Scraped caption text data

****************************************

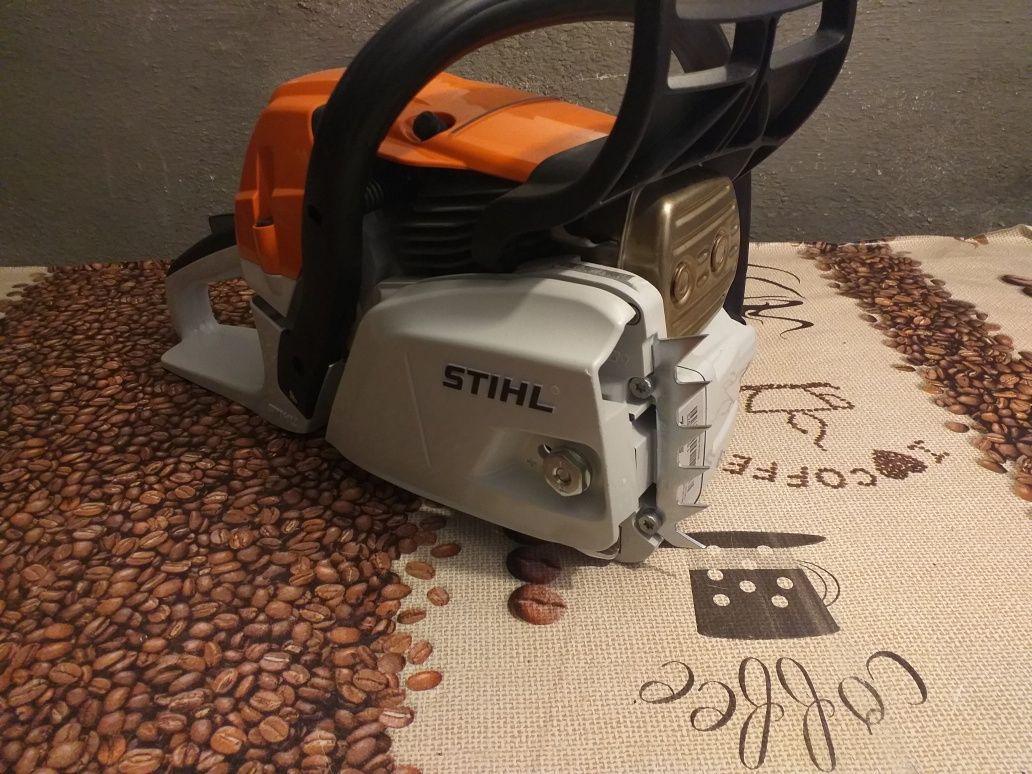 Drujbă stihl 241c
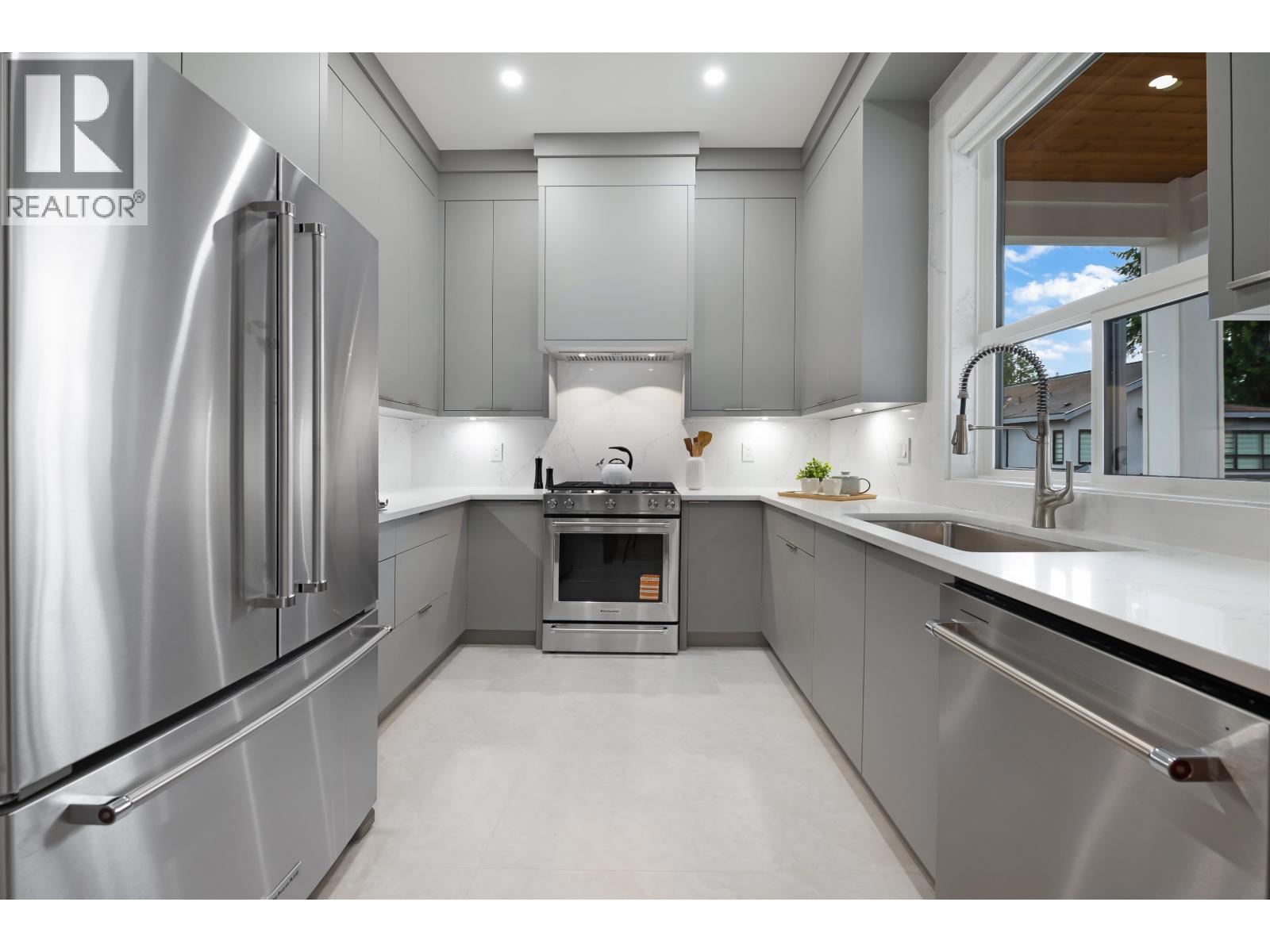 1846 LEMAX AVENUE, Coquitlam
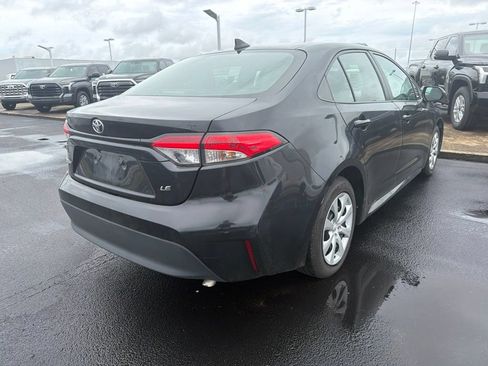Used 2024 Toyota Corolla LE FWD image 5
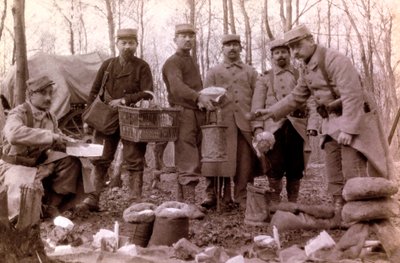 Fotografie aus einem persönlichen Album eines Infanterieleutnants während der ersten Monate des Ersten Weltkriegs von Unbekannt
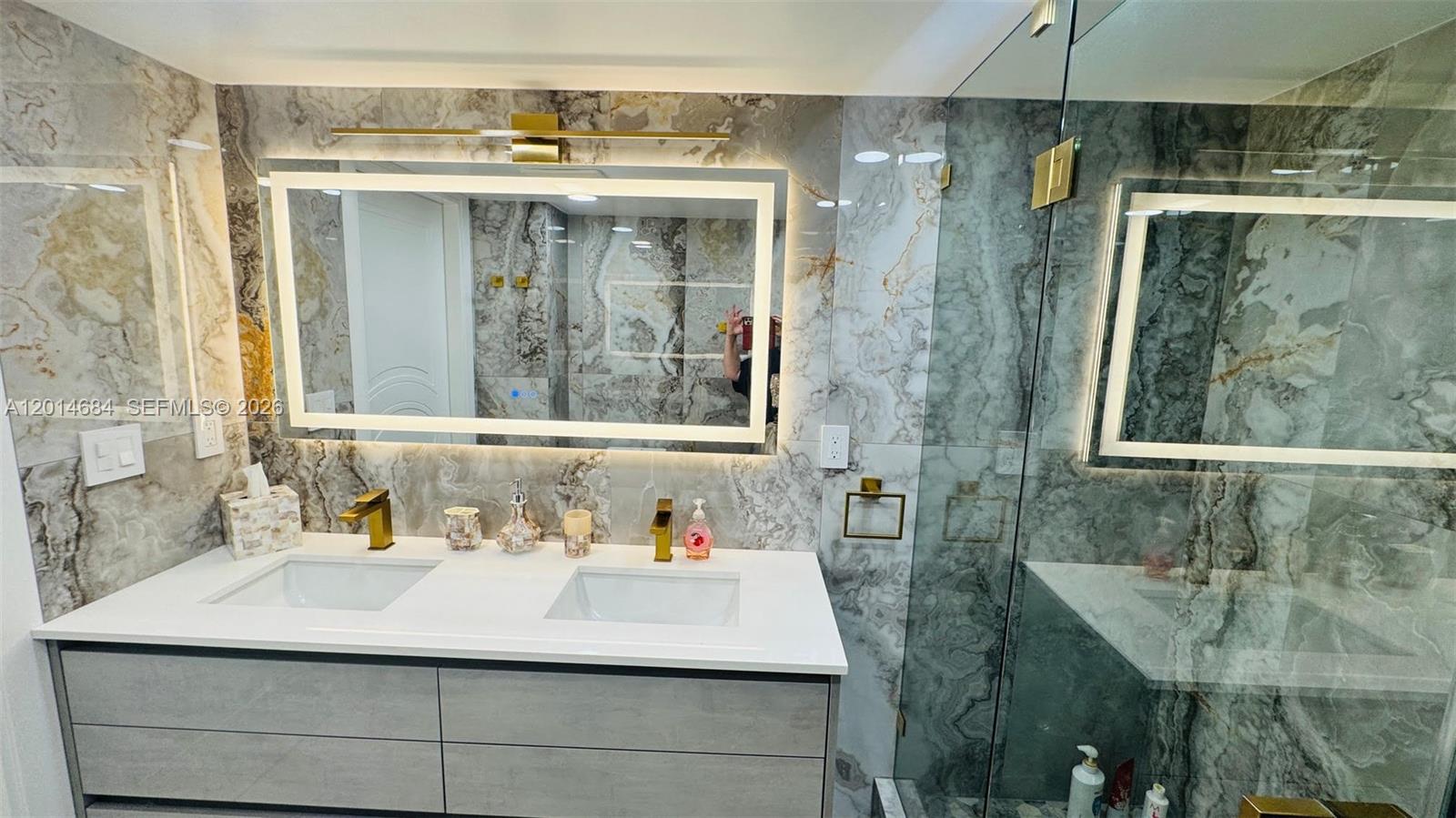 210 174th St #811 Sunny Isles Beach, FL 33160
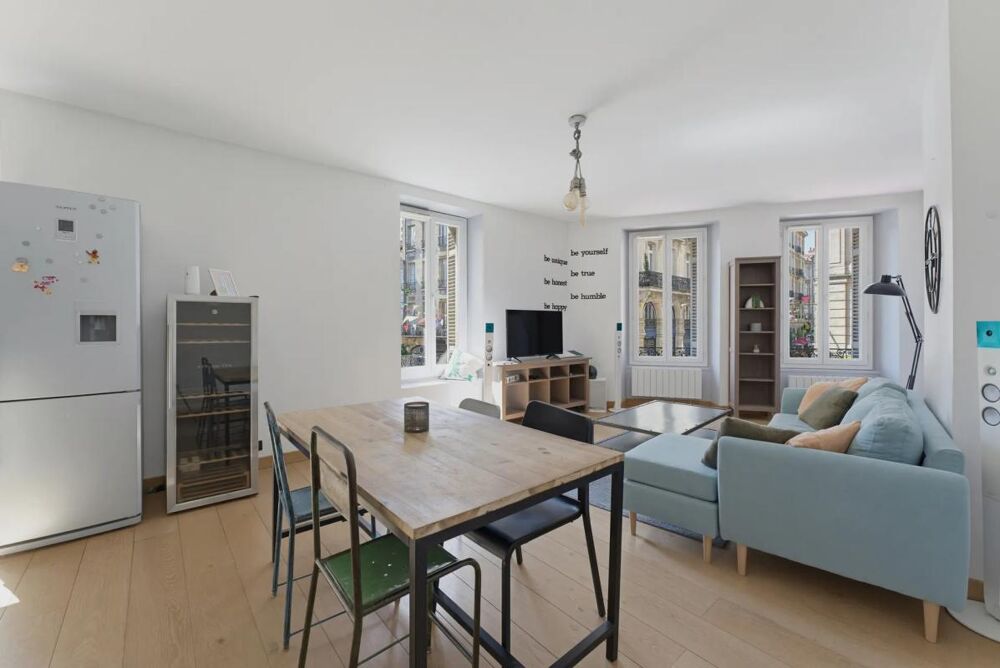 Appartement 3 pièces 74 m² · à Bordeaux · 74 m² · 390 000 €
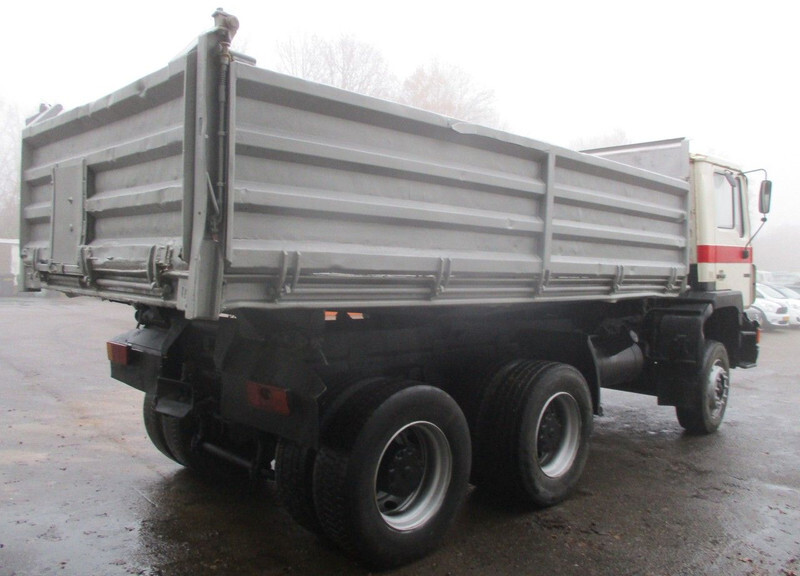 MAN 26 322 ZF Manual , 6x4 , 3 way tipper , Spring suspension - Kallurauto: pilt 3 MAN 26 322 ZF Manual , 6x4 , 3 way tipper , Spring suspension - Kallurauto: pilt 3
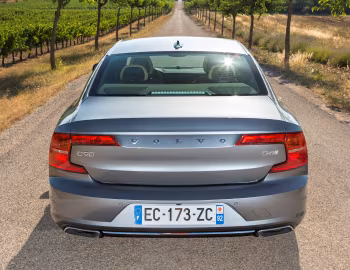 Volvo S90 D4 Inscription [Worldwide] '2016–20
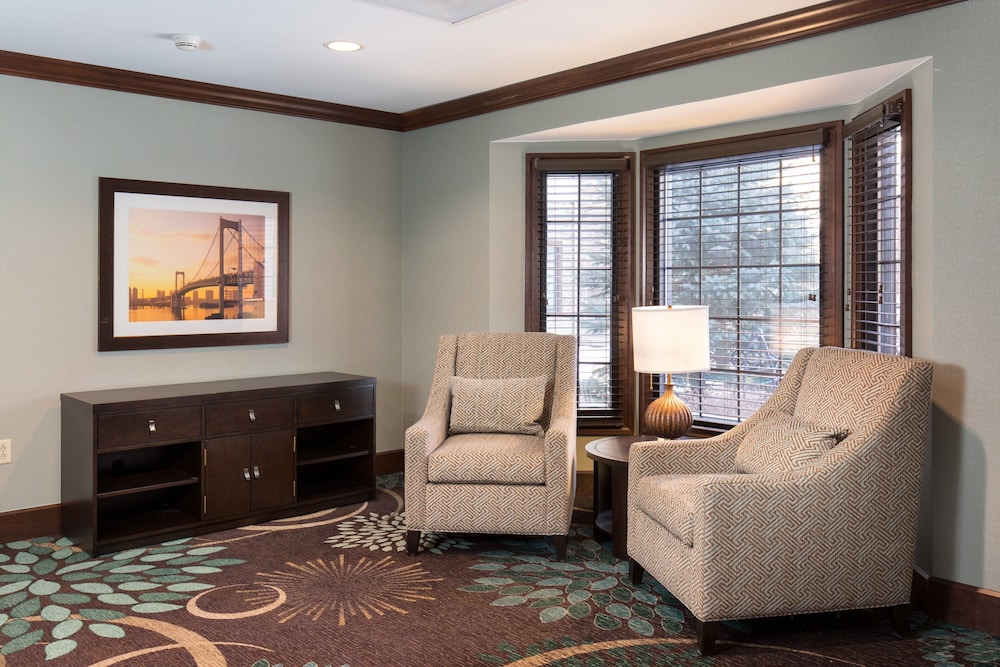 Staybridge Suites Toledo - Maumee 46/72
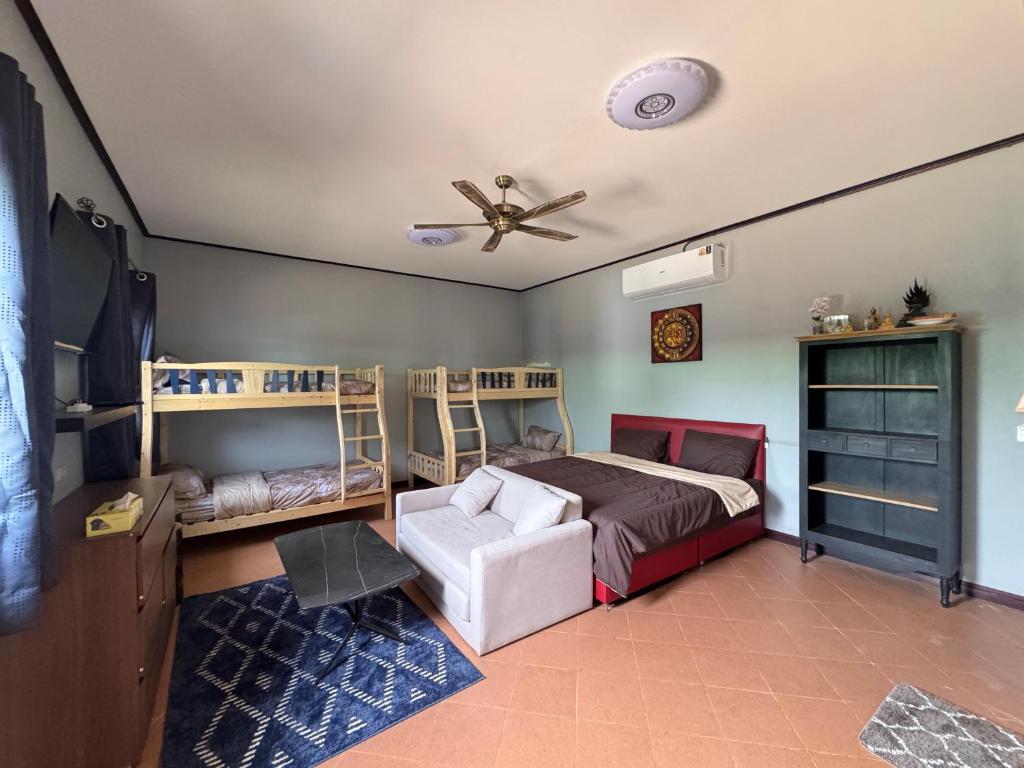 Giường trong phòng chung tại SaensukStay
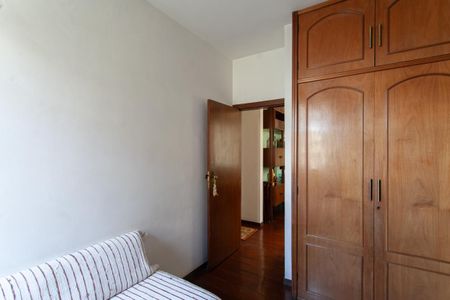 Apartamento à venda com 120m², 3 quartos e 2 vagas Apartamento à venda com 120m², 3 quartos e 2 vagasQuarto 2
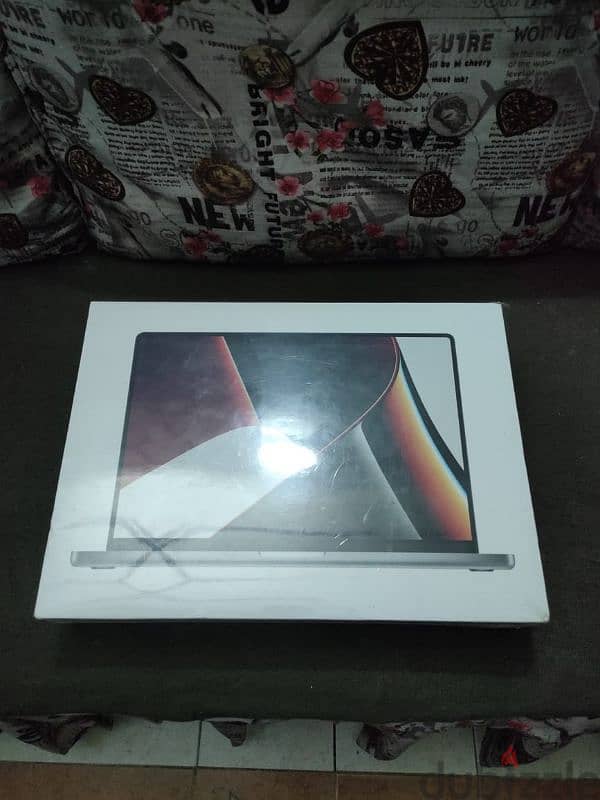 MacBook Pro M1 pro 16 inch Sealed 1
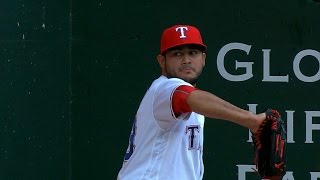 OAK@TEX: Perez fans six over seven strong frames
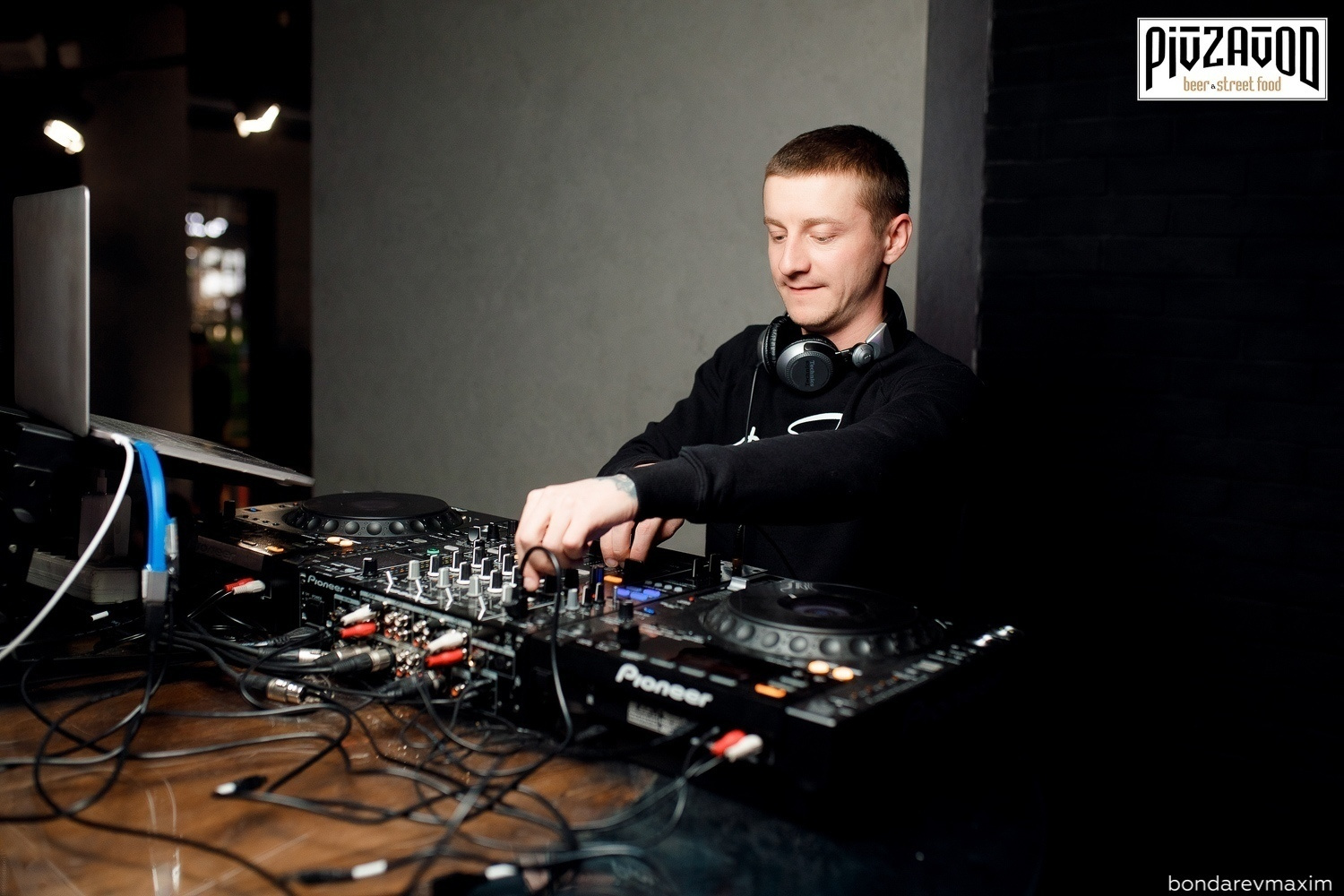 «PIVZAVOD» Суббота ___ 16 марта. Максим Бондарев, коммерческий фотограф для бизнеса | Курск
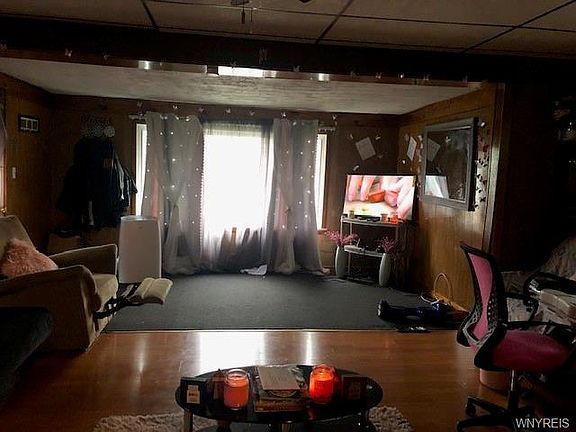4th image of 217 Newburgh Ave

****************************************

### ASSIGNMENT
Beginning with the line that contains "Used 2024 Toyota Corolla LE FWD image 5" and ending with the last line of the data, restate each line word for word. Exclude the pictures.

### SOLUTION BELOW
Used 2024 Toyota Corolla LE FWD image 5
 Fotografie aus einem persönlichen Album eines Infanterieleutnants während der ersten Monate des Ersten Weltkriegs von Unbekannt
 210 174th St #811 Sunny Isles Beach, FL 33160
 Appartement 3 pièces 74 m² · à Bordeaux · 74 m² · 390 000 €
 MAN 26 322 ZF Manual , 6x4 , 3 way tipper , Spring suspension - Kallurauto: pilt 3 MAN 26 322 ZF Manual , 6x4 , 3 way tipper , Spring suspension - Kallurauto: pilt 3
 Volvo S90 D4 Inscription [Worldwide] '2016–20
 Staybridge Suites Toledo - Maumee 46/72
 Giường trong phòng chung tại SaensukStay
 Apartamento à venda com 120m², 3 quartos e 2 vagas Apartamento à venda com 120m², 3 quartos e 2 vagasQuarto 2
 MacBook Pro M1 pro 16 inch Sealed 1
 OAK@TEX: Perez fans six over seven strong frames
 «PIVZAVOD» Суббота ___ 16 марта. Максим Бондарев, коммерческий фотограф для бизнеса | Курск
4th image of 217 Newburgh Ave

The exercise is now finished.